感染症に強い薬剤師目指す
国立国際医療研究センター(NCGM)病院薬剤部(東京都新宿区)に勤務する茂野絢子さんは、常勤職員1年目ながら、ICU病棟の担当薬剤師を務めている。他職種と協力して患者にベストな医療の提供を探りつつ、同病院が感染症対応に注力していることから、使用する抗菌薬の見直しを通じて薬剤耐性菌の蔓延を防止するなど、感染症に精通した薬剤師を目指して研鑽を積む日々を送っている。
茂野さんは東京理科大学薬学部薬学科を卒業後、2016年に同病院に薬剤師レジデントとして入職。2年間のレジデント生活を経て、今年4月から常勤職員として勤務している。
同病院は総合診療部門に加え、国際感染症センター、エイズ治療・研究開発センターなどを有していることから、薬剤部では感染症に関する高い専門性を持つ薬剤師を育成するため、感染症対応に重点を置いたレジデント制度を導入している。
常勤職員1年目の茂野さんはICU病棟をメインに担当しているが、抗菌薬適正使用支援チーム(AST)と感染制御チーム(ICT)のメンバーも兼務する。ASTでは、不適切な抗菌薬の使用によって耐性菌が増殖することを避けるため、採用する抗菌薬の定期的な見直しや他施設との情報共有などを通じて適切な抗菌薬の使用を管理、支援している。またICTでは、AMR対策の一環として院内感染を防ぐため、院内全体の感染動向の早期把握や感染管理を行っている。
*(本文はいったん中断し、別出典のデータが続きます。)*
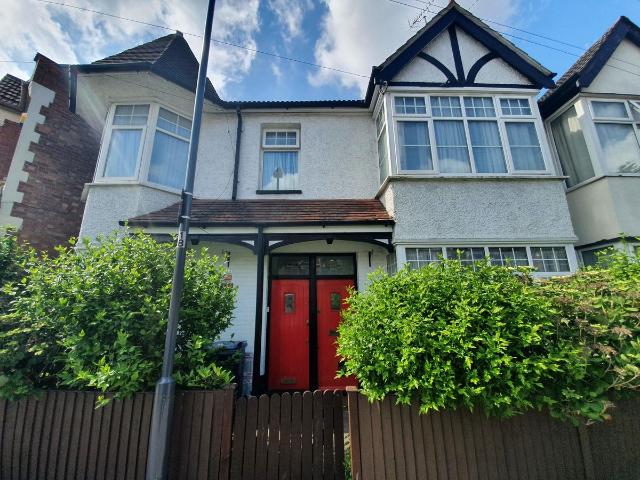 Apartment for rent in Lane, Greater London
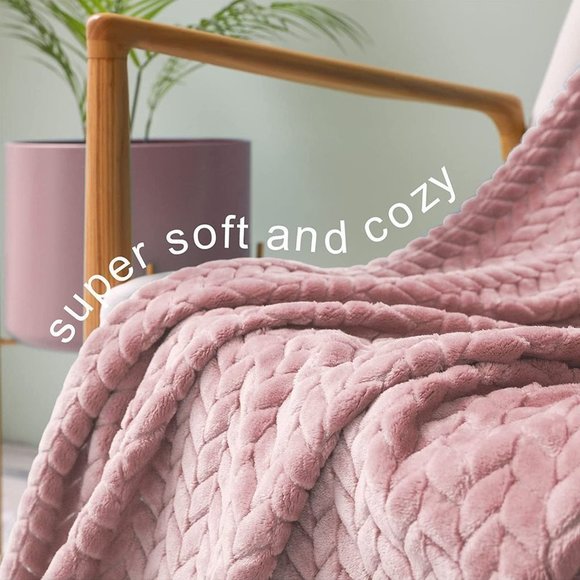 Dusty Pink Knit Jacquard Weave Pattern Decorative Warm Flannel Bed/Sofa Blanket - Picture 6 of 16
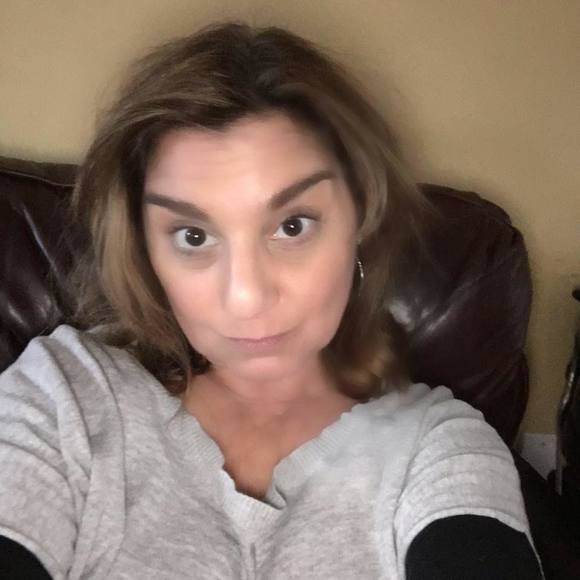 Meet your Posher, Lynn - Picture 1 of 1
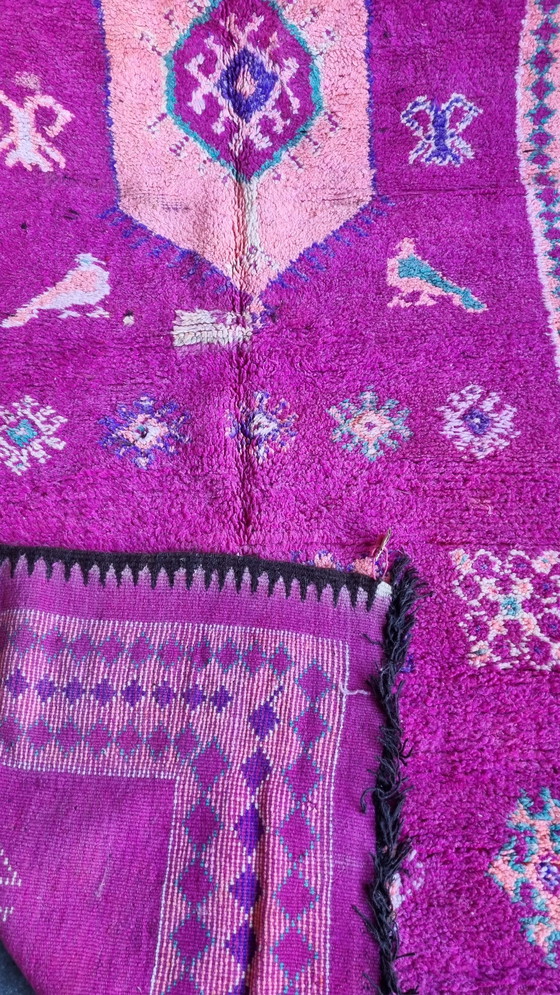 Image 1 of Vintage berber vloerkleed, marokaans tapijt paarse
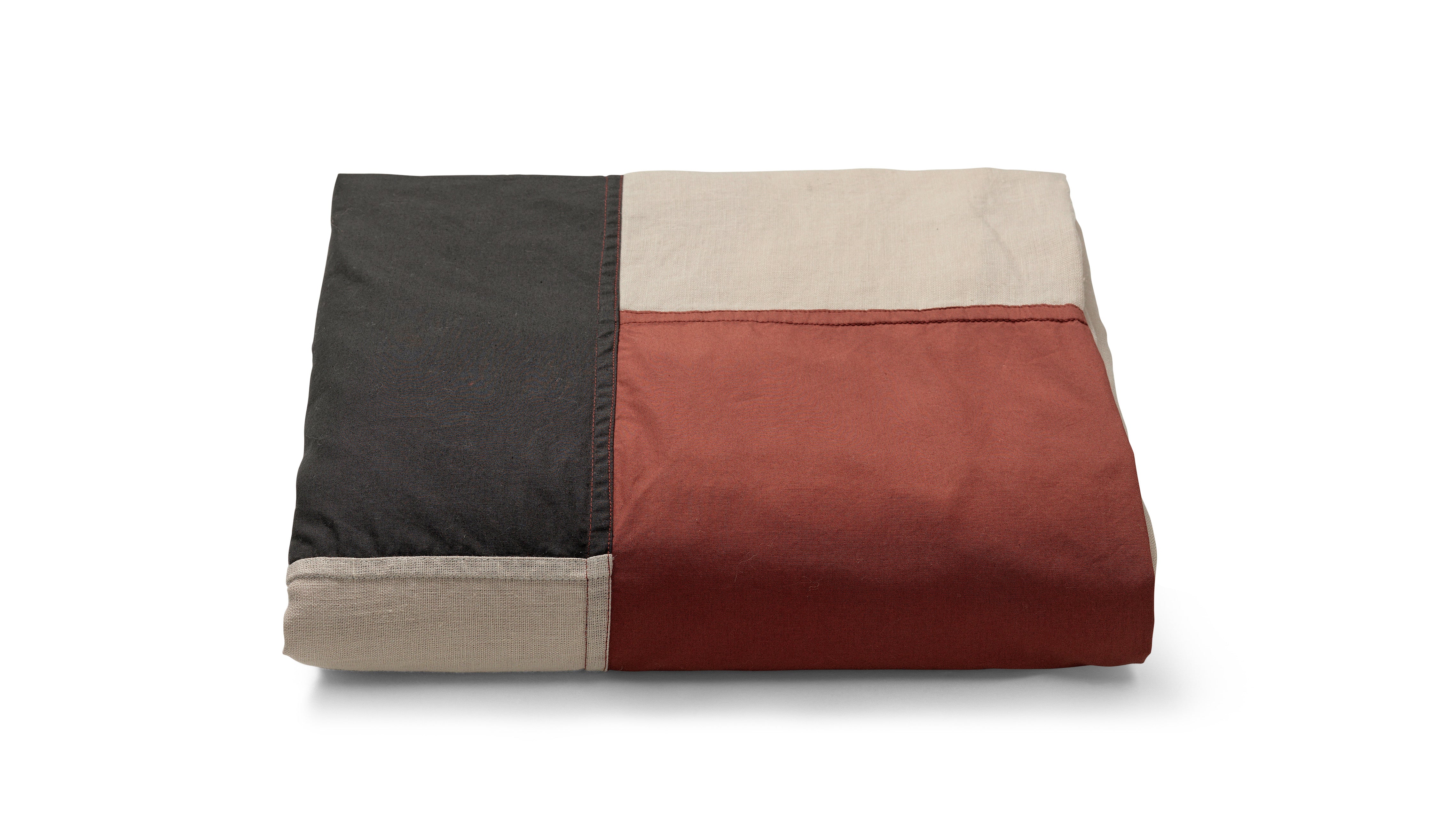 PART bedspread in burgundy with beige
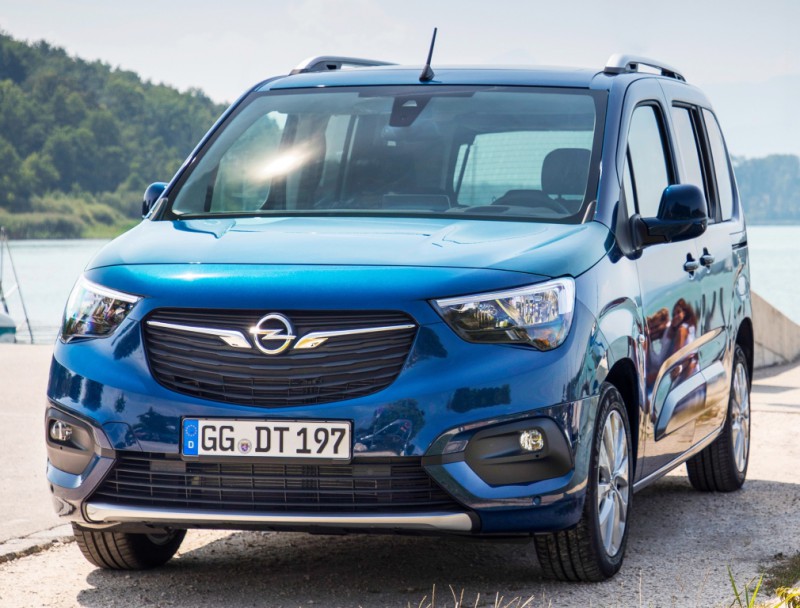 Opel Combo 2018 foto attēls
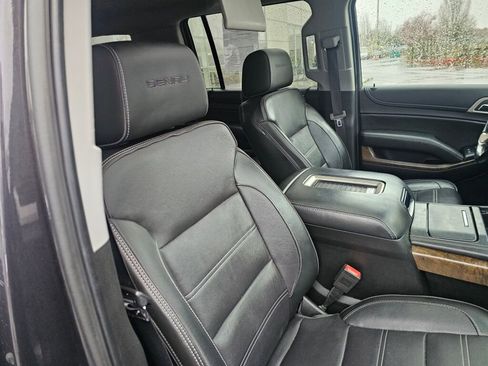 Used 2018 GMC Yukon XL Denali w/ Denali Ultimate Package image 13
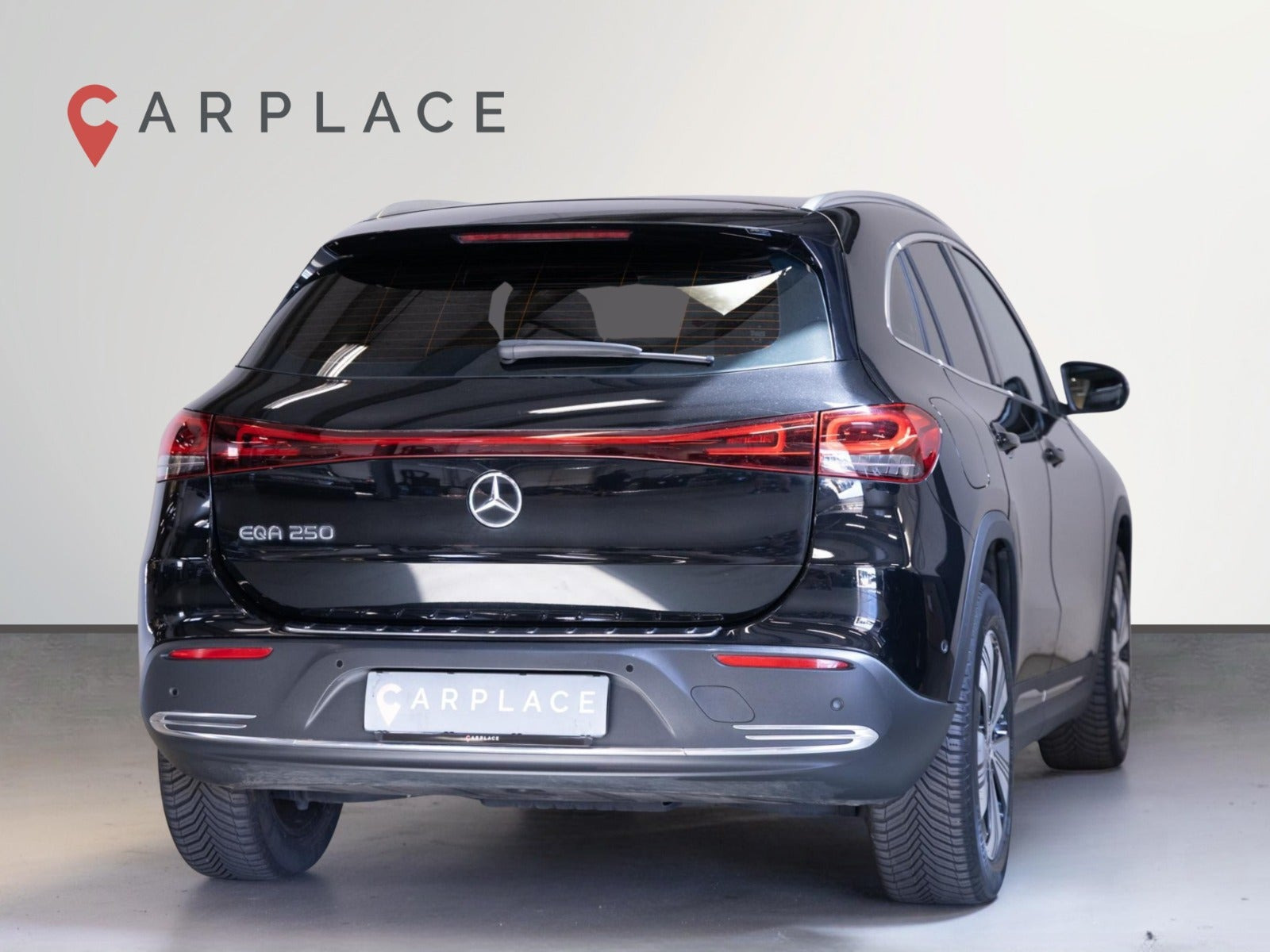 Sort Mercedes EQA250 fra 2023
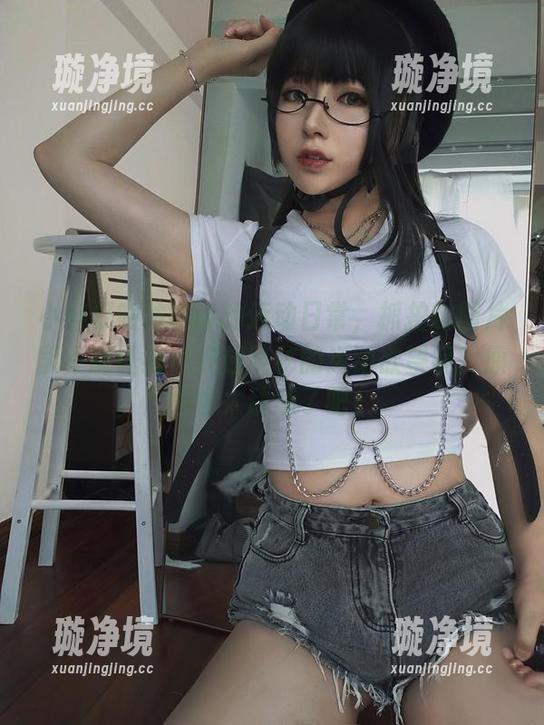 小容仔咕咕咕w的运动日常，抓拍的图片能不能让我也燃起隐秘的运动欲望呢？原图也太动感了吧！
毎朝8時前に出勤し、入院患者の情報確認や業務に関する準備を行った後、8時半から業務を始める。9時~9時半まで医師、看護師、作業療法士など他職種を交えたカンファレンスを行い、ASTへの参画の日には10~11時半までASTの業務、12~13時まで外来患者に対する薬剤の受け渡しを行っている。午後は14~15時まで、手術で入院予定の患者と面談を行う入退院支援センターの業務、15時からはカルテチェックや処方漏れの確認などの病棟業務を行い、17時15分に業務を終える。
茂野さんは「ICU病棟では重症患者が多いため、早期に薬剤の説明をすることで患者さんから感謝の言葉をいただくこともありますが、本人やご家族が状況を受け止めきれていない場合、患者さんの状態によって判断し、敢えて説明を遅らせる場合もあります」と語る。
現在のICU病棟の担当薬剤師が茂野さんのみということもあり、責任の重さを実感する日々を送る。患者の入れ替わりが激しく、他職種と頻繁にコミュニケーションを取る必要もあるが、頼られる機会が増えているという。「気軽に質問されるようになってきているので、他職種との勉強会などで存在意義を感じています」と自信を深めている。
当面の目標として、茂野さんは「自分から能動的に介入したり、情報提供していきたいです」と意欲を語る。さらに研鑽を積んだ上で、感染制御認定薬剤師や抗菌化学療法認定薬剤師などの資格取得も目指している。
もともと、医療分野に興味を持っていた茂野さんだが、知人の病気がきっかけで薬に関心を持ち、高校2年生の頃に薬剤師を志望した。大学では周囲の影響もあり、メーカーに興味を持った時期もあったが、「患者さんと直接関わりたい」という思いから、薬剤師として医療現場に携わることを決心。チーム医療で患者に貢献したいとの考えから、病院勤務を検討し、結核をはじめとした感染症に関する研究を進める中で、感染症領域を究めたいと考え、具体的な就職先を絞り始めた。5年生の春に参加したセミナーで、同病院のレジデントから職場に関する話を聞き、実際に見学して雰囲気の良さが決め手となった。
学生時代は塾講師やカフェのスタッフなど、対面で人に接する機会が多いアルバイトに励んだ茂野さん。他職種との情報交換の際に、相手の名前を呼ぶことで距離を縮めてコミュニケーションを円滑にするなど、学生時代の経験が現在の業務に生きている。
病院薬剤師として患者に貢献する目標を持ち続けていた茂野さんだが、「進路が定まっていても、他の職業が何をやっているか学ぶ機会はそんなにないので、いろいろな人から話を聞いた方が良いと思います」と、薬学生にアドバイスを送る。「薬局で働きたい人は、患者さんが病院でどのように受診しているか、病院薬剤師がどう関わっているかなどを知っているのと知らないのとでは患者さんとの関わり方が変わってきます。興味がある分野だけでなく、興味がない分野にも耳を傾け、自分の可能性を狭めないことが大事です」と、エールを送った。